Adrian Wells


At 7.10am on Thursday morning Clare Short ruins my shower. Even post-Hutton, the Today programme is required listening as the day starts.

Short’s revelation to John Humphrys that Britain had in some way spied on Kofi Annan’s office in New York was clearly big news.

Rushing more quickly to work, it was clear that the story would build throughout the day. How could Sky’s foreign news department contribute to the coverage? I decide to wake our US correspondent Ian Woods in the middle of the night and get him and a team to New York. Clearly there is real annoyance at the UN (or as the diplomats say “disappointment”) over the activities.

Disappointment, too, in Ian’s house but partners and loved ones get used to London calling and disrupting lives.

Andrew Wilson, our other US correspondent, has just landed in Haiti. The BBC had deployed to the divided Caribbean country much earlier but we were not sure it was going to develop into a “proper” war. We are still in doubt, but if President JeanBertrand Aristide did go, and if the rebels reached the capital, we had to be there.


It looks like we got Haiti right. The rebels are on the move and the tension in Port-au-Prince is building. There is a game of chicken in the Sky newsroom about deploying to stories: go too early and accountants twitch at the cost; go too late and you risk missing the story.

With airlines now cancelling flights into the country, I am relieved we slipped in under the wire.


We love the Oscars and tonight is the night. We have a big team in Los Angeles headed up by news editor Sally Arthy.

Apart from the Haram al-Sharif (Dome on the Rock) in Jerusalem, that stretch of red carpet in Hollywood is the most contested piece of land in the world for one glamour-filled night as camera teams jockey for position. Our correspondents Matt Smith and Georgie Arnold are on the air and will be throughout the night and next day.

It is a marathon piece of broadcasting and there is always the danger of missing a key star, dress or tearful acceptance speech.


The Oscars go well.
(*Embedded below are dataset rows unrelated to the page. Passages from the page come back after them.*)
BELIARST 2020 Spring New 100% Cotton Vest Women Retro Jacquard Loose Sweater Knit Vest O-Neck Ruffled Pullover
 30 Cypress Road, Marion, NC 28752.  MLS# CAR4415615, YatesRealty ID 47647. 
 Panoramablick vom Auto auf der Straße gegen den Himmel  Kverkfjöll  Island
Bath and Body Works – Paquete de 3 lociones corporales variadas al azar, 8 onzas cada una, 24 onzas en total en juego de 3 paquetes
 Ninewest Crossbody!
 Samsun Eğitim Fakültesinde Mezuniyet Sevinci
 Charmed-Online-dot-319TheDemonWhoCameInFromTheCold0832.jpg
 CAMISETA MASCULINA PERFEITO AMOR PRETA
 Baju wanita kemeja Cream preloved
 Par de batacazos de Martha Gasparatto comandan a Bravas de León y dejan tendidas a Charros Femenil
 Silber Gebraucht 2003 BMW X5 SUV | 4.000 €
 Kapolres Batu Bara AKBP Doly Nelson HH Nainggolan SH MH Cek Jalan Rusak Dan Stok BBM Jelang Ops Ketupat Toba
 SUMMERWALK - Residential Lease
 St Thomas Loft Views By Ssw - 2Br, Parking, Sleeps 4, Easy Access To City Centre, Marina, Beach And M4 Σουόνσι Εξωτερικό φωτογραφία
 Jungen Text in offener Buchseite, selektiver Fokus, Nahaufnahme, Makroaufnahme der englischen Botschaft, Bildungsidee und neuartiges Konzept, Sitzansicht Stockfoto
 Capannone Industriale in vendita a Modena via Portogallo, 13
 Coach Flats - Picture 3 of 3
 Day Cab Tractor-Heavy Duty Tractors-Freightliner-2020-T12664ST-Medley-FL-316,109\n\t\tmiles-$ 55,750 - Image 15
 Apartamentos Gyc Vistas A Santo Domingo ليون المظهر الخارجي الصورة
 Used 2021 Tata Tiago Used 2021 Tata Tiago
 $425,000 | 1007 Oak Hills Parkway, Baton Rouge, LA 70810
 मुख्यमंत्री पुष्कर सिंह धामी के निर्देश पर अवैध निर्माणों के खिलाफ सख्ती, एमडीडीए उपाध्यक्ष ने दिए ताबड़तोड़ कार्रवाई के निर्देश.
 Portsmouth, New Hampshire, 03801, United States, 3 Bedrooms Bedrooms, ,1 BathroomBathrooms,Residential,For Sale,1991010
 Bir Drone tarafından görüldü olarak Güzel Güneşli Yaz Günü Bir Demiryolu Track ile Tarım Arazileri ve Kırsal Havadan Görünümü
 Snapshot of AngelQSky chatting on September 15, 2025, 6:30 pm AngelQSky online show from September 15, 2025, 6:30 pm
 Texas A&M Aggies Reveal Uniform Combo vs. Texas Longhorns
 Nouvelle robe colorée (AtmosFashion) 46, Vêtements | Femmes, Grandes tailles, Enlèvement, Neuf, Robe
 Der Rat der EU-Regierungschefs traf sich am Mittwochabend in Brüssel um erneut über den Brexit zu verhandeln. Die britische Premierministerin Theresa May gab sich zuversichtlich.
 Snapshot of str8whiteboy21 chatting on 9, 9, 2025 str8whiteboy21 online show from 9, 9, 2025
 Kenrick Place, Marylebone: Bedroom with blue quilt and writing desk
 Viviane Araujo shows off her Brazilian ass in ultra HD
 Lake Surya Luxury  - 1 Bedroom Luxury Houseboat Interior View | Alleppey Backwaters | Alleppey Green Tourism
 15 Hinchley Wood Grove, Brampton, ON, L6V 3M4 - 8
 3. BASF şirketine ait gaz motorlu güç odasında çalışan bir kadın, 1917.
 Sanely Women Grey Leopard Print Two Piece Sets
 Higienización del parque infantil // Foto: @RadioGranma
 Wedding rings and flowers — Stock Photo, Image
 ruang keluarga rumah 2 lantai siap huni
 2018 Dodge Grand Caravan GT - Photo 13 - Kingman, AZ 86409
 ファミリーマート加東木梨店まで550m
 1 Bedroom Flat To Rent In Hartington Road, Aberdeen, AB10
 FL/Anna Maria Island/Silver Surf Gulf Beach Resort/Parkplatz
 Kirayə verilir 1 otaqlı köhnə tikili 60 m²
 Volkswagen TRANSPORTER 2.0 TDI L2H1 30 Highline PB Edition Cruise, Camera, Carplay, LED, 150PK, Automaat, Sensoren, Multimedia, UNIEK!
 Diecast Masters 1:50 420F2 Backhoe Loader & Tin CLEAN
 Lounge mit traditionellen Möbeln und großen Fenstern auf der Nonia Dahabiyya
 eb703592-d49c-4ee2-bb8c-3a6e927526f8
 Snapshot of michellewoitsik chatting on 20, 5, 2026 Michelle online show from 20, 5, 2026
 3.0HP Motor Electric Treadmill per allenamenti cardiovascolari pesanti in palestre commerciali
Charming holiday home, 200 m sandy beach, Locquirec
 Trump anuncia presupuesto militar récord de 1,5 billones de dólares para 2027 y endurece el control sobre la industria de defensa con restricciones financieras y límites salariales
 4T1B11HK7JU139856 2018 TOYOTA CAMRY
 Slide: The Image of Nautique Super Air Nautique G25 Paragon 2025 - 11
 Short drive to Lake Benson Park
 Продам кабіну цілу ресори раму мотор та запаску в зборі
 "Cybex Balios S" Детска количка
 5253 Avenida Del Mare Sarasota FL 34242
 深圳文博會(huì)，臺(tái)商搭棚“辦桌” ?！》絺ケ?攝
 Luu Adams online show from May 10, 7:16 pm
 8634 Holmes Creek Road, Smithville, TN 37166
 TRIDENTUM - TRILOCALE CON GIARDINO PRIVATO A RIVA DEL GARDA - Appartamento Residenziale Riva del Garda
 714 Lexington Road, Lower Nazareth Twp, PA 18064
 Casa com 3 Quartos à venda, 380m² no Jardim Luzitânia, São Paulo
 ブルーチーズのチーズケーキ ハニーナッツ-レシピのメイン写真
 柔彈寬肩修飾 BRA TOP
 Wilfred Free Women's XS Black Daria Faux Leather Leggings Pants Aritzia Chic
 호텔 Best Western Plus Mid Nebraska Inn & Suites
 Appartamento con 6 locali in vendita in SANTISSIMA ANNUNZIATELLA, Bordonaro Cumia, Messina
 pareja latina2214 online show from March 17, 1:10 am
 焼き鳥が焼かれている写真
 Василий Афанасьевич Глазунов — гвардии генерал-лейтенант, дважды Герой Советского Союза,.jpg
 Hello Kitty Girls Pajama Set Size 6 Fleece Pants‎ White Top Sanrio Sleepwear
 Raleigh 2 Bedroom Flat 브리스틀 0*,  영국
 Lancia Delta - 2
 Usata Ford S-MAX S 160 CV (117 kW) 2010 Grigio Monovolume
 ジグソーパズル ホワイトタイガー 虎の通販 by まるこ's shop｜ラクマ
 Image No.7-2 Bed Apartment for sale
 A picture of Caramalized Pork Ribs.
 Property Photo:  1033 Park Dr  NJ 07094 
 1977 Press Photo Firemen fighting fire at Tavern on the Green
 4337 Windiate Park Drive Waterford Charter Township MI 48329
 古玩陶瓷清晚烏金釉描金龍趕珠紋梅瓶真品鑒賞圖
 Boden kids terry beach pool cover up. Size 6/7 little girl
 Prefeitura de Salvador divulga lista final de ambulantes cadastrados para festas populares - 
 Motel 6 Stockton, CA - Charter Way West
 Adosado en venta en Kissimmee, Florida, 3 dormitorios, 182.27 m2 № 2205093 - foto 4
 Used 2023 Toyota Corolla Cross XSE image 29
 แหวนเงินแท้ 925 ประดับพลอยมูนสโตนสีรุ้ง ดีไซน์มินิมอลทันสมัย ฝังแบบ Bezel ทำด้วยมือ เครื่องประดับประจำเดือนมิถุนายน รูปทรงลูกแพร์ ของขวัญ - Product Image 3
The stars, including Sir Ian McKellen, speak to us from the Vanity Fair party as The Lord of the Rings sweeps the board.

Today is the first day of our Eye Across Russia series. Moscow correspondent Laurence Lee is travelling from Vladivostock back to the capital in seven days, crossing seven time zones on the way.

It is cold out there and Laurence has bought a big brown coat with some pelt of dead animal around the hood.

Apparently, it keeps him warm during his two-way interviews but there is a danger he looks like Kenny from South Park.


More blasts rip through crowds of Shia worshippers gathering in Karbala and Baghdad. Our foreign affairs editor, Tim Marshall, monitors the pictures as they flood in from the scene. Extra care is taken as some of the images are too strong to broadcast. Commentators fear the chances of religious civil war in Iraq have been increased.


International troops have now been in Haiti for two days. The rebel leaders are greeted as heroes in most parts of Port-au-Prince. It’s time to leave, but a small aircraft charter to the Dominican Republic is the only way out. Our guys have to overnight in a holiday resort before catching a flight to Miami.